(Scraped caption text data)
════════

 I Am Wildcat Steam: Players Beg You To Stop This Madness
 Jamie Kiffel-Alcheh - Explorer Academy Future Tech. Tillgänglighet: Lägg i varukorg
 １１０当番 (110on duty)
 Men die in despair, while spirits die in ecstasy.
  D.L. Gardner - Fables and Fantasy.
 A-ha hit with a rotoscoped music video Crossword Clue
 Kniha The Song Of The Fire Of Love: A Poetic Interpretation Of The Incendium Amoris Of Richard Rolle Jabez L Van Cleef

════════

*Task objective*: Word for word, write out every record.

*Solution to this problem*:
 I Am Wildcat Steam: Players Beg You To Stop This Madness
 Jamie Kiffel-Alcheh - Explorer Academy Future Tech. Tillgänglighet: Lägg i varukorg
 １１０当番 (110on duty)
 Men die in despair, while spirits die in ecstasy.
  D.L. Gardner - Fables and Fantasy.
 A-ha hit with a rotoscoped music video Crossword Clue
 Kniha The Song Of The Fire Of Love: A Poetic Interpretation Of The Incendium Amoris Of Richard Rolle Jabez L Van Cleef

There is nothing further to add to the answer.